Last edited 11 days ago by Kaiser Wilhelm
Major D

Kaiser, I know you’ve expressed a desire to have some of these old designs brought back. Perhaps the US Semiquincentennial in 2026 offers an opportunity for the Mint to do that. I understand that the US Mint is considering designs for the obverse and/or reverse of all circulating denominations for 2026.

Kaiser Wilhelm

That is some really excellent and extraordinarily welcome news, Major D, and by the way, thanks for remembering that I had voiced that sentiment. It would be simply amazing to see the Mint bring back some more of its classic coin masterpieces and possibly even slightly re-imagine and/or refurbish them the way the American Silver Eagle just recently was. Perhaps it’s not too much to hope that a momentous occasion such as the US Semiquincentennial would provide not only the proper incentive but also the perfect opportunity for that.

Antonio

The Semiquincentennial Program. In 2026, the Mint will redesign our coinage in recognition of the 250th anniversary of our nation’s founding. Look for exciting new designs on circulating coins celebrating this momentous occasion. This is from the Mint website. Then beginning in 2027, the American Youth Sports Program will feature on five different quarters annually until the beginning of the next decade (2030).

Major D

Thanks for that Antonio. Sorry, Keiser- sounds like by “new designs” it means no “old designs”. It’s too bad the Mint is doing yet another rotating design on the quarter. I was hoping they’d give it a rest or move it to another denomination. It’s hard to image there are more than 15 youth sports to profile….. However, I am hoping that the Mint will do a 100-year anniversary design for the Washington quarter in 2032 (and I’m hoping I’m around to see it!)

Kaiser Wilhelm

We’ve both seen enough of life, Major D, to know and hopefully to accept that “it is what it is”, so it would possibly behoove us to just go with the flow and let the Mint do whatever it is going to do. Of course I would much prefer a move to another denomination within the Mint’s seemingly interminable rotating themes motif, most desirably so the sadly neglected Half Dollar Coin, but that particular wish and a few bucks will likely get us a cup of coffee.
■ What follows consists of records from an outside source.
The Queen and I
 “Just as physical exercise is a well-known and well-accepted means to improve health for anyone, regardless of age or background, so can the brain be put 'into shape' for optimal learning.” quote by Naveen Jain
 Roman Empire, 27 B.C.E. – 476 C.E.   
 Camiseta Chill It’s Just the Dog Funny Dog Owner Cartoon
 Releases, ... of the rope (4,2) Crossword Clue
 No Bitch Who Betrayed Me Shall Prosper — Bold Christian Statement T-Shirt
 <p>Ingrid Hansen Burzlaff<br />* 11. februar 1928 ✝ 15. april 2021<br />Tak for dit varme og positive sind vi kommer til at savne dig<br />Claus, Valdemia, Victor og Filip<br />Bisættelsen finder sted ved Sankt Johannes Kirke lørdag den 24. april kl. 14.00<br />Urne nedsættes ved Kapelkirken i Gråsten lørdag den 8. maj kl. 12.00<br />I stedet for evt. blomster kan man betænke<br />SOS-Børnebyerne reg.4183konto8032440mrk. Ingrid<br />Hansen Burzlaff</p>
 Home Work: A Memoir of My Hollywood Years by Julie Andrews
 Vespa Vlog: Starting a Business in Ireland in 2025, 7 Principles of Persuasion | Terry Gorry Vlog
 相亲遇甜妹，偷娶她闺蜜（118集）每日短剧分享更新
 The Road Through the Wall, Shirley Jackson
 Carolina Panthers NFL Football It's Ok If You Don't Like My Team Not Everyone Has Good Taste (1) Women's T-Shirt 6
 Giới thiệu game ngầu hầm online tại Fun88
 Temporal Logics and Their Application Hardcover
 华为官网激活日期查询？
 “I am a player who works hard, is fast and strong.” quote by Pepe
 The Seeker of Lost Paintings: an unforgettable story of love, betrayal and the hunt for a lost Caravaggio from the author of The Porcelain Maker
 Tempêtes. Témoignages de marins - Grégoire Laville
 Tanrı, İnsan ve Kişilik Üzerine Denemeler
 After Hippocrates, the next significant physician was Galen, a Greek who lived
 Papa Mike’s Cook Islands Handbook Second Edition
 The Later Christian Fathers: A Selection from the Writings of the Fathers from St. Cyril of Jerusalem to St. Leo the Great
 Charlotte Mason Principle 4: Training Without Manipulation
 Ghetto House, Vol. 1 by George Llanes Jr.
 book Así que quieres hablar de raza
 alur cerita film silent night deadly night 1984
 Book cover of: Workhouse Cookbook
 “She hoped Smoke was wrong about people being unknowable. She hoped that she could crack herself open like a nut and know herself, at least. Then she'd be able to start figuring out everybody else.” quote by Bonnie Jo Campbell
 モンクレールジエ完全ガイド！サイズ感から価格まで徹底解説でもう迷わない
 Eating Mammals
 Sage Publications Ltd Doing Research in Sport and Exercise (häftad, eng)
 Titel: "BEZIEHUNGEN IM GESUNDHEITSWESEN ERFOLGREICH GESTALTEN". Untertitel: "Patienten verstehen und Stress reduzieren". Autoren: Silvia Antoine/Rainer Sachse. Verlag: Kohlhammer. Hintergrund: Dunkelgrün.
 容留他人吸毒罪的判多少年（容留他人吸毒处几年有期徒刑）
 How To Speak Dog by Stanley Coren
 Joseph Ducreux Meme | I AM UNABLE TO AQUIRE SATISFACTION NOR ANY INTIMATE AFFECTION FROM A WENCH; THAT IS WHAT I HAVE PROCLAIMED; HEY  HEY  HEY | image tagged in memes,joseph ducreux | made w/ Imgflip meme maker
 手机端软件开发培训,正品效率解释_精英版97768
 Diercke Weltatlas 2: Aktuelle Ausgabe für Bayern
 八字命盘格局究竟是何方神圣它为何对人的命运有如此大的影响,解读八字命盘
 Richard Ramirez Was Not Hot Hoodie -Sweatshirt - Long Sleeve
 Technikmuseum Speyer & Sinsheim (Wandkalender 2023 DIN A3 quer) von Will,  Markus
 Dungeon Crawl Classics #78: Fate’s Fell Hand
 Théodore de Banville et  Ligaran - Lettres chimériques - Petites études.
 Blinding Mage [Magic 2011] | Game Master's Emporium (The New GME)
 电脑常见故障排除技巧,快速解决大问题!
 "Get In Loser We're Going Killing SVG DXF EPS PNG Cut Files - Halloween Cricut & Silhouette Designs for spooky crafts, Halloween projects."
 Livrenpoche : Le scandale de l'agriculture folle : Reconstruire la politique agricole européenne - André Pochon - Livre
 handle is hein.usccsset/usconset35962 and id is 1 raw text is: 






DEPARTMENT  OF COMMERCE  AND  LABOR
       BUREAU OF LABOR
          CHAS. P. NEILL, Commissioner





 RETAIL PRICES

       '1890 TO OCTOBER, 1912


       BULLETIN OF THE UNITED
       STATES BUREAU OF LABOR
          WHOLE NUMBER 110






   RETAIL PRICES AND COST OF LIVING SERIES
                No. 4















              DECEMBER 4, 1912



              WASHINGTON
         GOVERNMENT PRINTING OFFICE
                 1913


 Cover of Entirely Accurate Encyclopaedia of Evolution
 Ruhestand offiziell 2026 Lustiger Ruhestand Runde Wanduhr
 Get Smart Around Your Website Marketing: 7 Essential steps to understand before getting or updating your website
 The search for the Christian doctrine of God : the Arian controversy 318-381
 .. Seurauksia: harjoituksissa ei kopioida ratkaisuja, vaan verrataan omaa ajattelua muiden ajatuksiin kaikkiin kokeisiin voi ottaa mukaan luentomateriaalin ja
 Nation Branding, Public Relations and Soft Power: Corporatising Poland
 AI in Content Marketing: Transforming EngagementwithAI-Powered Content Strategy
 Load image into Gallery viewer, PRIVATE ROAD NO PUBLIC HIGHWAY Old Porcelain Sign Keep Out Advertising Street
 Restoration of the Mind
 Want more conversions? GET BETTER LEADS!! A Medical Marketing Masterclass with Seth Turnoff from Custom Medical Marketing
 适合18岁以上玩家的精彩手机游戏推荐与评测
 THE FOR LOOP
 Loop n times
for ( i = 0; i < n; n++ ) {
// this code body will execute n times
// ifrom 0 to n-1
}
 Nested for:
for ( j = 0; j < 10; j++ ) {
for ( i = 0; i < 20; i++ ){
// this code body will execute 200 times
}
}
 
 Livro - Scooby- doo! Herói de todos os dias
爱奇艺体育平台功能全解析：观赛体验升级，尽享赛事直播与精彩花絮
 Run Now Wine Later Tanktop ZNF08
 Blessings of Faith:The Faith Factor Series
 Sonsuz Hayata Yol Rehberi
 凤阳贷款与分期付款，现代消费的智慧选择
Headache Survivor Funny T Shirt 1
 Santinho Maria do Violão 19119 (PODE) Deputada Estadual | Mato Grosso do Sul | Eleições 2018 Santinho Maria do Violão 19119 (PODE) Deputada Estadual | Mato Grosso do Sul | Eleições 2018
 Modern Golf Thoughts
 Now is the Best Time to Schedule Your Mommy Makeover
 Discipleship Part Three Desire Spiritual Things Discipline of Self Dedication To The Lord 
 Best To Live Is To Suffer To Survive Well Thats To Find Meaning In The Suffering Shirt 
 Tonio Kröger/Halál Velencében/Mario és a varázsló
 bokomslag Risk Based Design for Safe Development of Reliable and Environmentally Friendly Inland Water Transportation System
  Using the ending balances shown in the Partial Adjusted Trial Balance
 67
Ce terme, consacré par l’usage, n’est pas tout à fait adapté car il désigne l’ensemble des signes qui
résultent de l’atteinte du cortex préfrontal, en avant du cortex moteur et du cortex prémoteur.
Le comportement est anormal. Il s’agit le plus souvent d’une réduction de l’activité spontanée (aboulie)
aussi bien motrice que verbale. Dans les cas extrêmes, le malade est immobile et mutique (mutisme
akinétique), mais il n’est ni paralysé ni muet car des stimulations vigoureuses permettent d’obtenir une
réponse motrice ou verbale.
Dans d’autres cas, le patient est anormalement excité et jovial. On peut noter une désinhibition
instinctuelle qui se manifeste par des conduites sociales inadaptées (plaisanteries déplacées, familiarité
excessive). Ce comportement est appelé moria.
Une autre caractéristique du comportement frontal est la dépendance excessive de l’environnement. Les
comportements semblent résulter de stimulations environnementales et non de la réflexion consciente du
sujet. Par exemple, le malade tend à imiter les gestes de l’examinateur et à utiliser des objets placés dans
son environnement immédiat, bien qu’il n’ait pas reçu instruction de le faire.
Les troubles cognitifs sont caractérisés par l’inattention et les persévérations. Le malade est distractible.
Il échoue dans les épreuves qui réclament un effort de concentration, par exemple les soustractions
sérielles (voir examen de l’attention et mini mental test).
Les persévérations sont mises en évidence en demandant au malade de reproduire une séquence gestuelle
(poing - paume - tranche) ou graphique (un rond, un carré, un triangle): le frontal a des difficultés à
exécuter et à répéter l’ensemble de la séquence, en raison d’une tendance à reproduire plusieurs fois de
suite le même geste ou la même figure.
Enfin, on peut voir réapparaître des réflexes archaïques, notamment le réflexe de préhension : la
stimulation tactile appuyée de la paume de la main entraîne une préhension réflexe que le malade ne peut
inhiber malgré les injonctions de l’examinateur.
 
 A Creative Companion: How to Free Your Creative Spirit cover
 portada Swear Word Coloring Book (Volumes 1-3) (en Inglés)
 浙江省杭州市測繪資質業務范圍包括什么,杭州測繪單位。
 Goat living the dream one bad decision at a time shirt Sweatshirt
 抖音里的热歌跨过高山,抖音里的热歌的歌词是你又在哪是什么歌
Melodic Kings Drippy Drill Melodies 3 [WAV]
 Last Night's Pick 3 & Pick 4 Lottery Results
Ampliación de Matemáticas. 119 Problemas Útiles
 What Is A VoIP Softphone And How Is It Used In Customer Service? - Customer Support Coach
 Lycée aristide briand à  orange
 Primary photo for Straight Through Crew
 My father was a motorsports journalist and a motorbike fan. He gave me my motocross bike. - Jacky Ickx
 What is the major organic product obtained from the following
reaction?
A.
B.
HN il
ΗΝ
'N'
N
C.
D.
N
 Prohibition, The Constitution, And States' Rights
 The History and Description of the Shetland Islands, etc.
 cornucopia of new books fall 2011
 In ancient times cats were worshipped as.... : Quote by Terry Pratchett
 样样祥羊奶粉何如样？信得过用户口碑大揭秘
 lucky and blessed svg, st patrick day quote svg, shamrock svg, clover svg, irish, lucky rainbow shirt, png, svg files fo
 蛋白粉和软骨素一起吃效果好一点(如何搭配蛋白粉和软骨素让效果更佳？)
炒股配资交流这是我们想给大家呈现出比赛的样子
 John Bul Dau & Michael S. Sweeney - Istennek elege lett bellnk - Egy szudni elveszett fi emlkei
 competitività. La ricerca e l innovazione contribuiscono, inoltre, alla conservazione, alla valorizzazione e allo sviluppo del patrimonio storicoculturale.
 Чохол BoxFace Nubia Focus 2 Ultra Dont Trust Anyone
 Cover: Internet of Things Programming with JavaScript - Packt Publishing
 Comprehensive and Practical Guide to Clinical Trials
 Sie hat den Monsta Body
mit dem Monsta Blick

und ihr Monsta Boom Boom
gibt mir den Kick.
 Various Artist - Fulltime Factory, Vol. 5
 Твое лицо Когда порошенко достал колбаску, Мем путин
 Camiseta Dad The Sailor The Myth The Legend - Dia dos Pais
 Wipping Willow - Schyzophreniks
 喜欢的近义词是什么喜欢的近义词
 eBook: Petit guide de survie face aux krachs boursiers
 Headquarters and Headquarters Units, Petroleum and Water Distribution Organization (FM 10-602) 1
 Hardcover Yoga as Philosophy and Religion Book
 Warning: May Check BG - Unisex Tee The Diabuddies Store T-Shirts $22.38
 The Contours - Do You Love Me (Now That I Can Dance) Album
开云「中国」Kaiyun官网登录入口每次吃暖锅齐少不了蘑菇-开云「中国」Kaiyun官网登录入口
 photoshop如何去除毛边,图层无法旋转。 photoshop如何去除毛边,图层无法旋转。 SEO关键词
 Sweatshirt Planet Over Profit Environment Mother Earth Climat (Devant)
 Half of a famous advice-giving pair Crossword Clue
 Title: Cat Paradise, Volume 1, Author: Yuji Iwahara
Last edited 10 days ago by Kaiser Wilhelm
Major D

yes, indeed. sorry for my typo Kaiser.

Kaiser Wilhelm

Not to worry, Lt. Colonel D: it can happen to anyone.

Kaiser Wilhelm

Well, Antonio, while this puts the kibosh on my dreams of re-imagined classics it does give me a lot to look forward to in the way of entirely new coins; that should hardly be cause for disappointment on my or anyone else’s part!
By the way, since I’ll be 80 in 2027 I suppose it’s only fitting that the next series of quarters that will make its debut that year will be for youth sports!

Antonio

Since only the dime has seen no design change since it was introduced in 1946 (the penny has seen a new reverse (twice) and the nickel a new obverse, the quarter (obverse and reverse) only the half dollar is the same since 1964, as well, and the dollars are yearly changes, like the quarters now, and I’m getting dizzy thinking about it. We need new designs like coins in Europe. They look more contemporary and ours could use a nice update in designs. Hopefully the Mint doesn’t drop the ball or incorporate a design that looks good in concept but… Read more »

Kaiser Wilhelm

Thanks for that thorough review of the Mint’s modern coinage pattern history; much appreciated, Antonio.
At the risk of promoting heresy, but would the world in fact end if the United States ceased and desisted from its seemingly interminable habit of putting only politicians on its circulating coinage?

Major D

There was a time when the president was actually largely revered and rose to the statesman and/or commander-in-chief level above mere politics. The president featured coins and when they were introduced: the Lincoln cent (1909), Washington quarter (1932), Jefferson nickel (1938), Roosevelt dime (1946), Kennedy half-dollar (1964), and Eisenhower dollar (1971). The Roosevelt and Kennedy coins were introduced the year following after their deaths; Eisenhower’s was 2 years after. The Kennedy half dollar replaced the Franklin one (a non-president). There was no dollar coin for 36 years (from 1936 to 1970). In 1979, the Eisenhower dollar was replaced by the… Read more »

Kaiser Wilhelm

Okay, I see what you’re saying, Major D, and now I remember that this change has already been taking place for quite a while. Perhaps what I was more specifically referring to was the basic circulating coinage which is still chock full of old rich white men.

Major D

The nickel also had two new reverses in 2004 and 2005.

Antonio

If my math is right, it’ll be 20 sports, as the years are ’27, ’28, ”29 and ’30. Then the sky’s the limit after 2030. Who knows, there may only be collector coins by then and governments will faze out currency since electronic currency/transactions will be the mode of payment by then, it’s inevitable.

Kaiser Wilhelm

Okay then, I’m ordering my Whitman ATM Receipt Album now.

Antonio

Semiquincentennial Commemorative Coin Act
This bill directs the Department of the Treasury to mint and issue $25.00 gold coins, $2.50 silver coins, 25 cent clad coins, and proof silver $2.50 coins in commemoration of the 250th anniversary of the establishment of the United States.

Major D

Antonio, I can find nothing regarding this act (HR 4429 and S 2384) ever becoming law. It seems to have died in the last Congress (117th). So, the Semiquincentennial Commemorative Coin Act would have to get reintroduced this Congress, pass both the House and Senate, and then get signed by the President.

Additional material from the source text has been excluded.